# FS/FF - Making room, decos and gravel



## O.C.D Fishies (Apr 21, 2010)

Everything is obo as I have no idea how to price things. Pm me what you think is fair.

Decoration for fish to hide in $10 obo









Gang valve $3









Carribean Sea blue gravel free









Decoration rocks $5 for all 









Light blue gravel free


----------



## BossRoss (Jun 17, 2010)

how much for the can of club soda? (free bump


----------



## pisces (Apr 22, 2010)

i want get 
Lee's 5 way breeder $5


----------



## O.C.D Fishies (Apr 21, 2010)

For you Boss $100/can


BossRoss said:


> how much for the can of club soda? (free bump


Message sent 


pisces said:


> i want get
> Lee's 5 way breeder $5


----------



## O.C.D Fishies (Apr 21, 2010)

Lee's 5 way breeder sold


----------



## O.C.D Fishies (Apr 21, 2010)

Bump some prices changed to free


----------



## O.C.D Fishies (Apr 21, 2010)

Bump to the top


----------



## teija (Sep 30, 2010)

That blue gravel would look fab in my blue betta tank! Just how far into Vancouver are you located? 

Bump for some nice deals!


----------



## O.C.D Fishies (Apr 21, 2010)

Trade you for your 40 gallon lol. Which blue one?? I am on clark and broadway. I could let you know too if I go out that way.
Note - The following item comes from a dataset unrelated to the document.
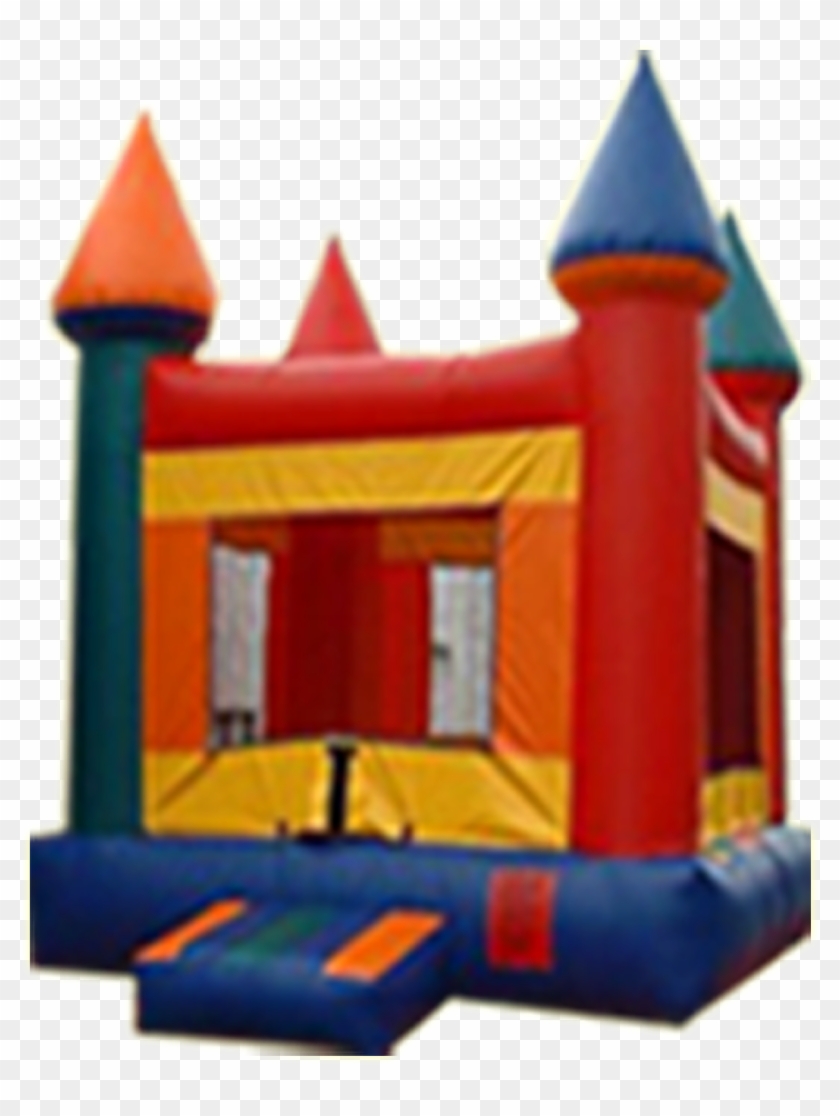 205party Pick Uo Your Party Silly Willy Castle Bounce - Bounce Houses For Sale #980379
Will be going to J & L on friday.


----------



## pisces (Apr 22, 2010)

do still have light blue Gravel ? i am looking fews lb,,, thks


----------



## O.C.D Fishies (Apr 21, 2010)

Yah I still have it


----------



## Aquaman (Apr 21, 2010)

pisces said:


> do still have light blue Gravel ? i am looking fews lb,,, thks





O.C.D Fishies said:


> Yah I still have it


 LOL you Two ...its 3:30 in the morning ....no fish addicts here .
Nothing says " I LOVE this place" More than that 

So ummm you guys up yet ...LOL


----------



## O.C.D Fishies (Apr 21, 2010)

everything available still but closing thread


----------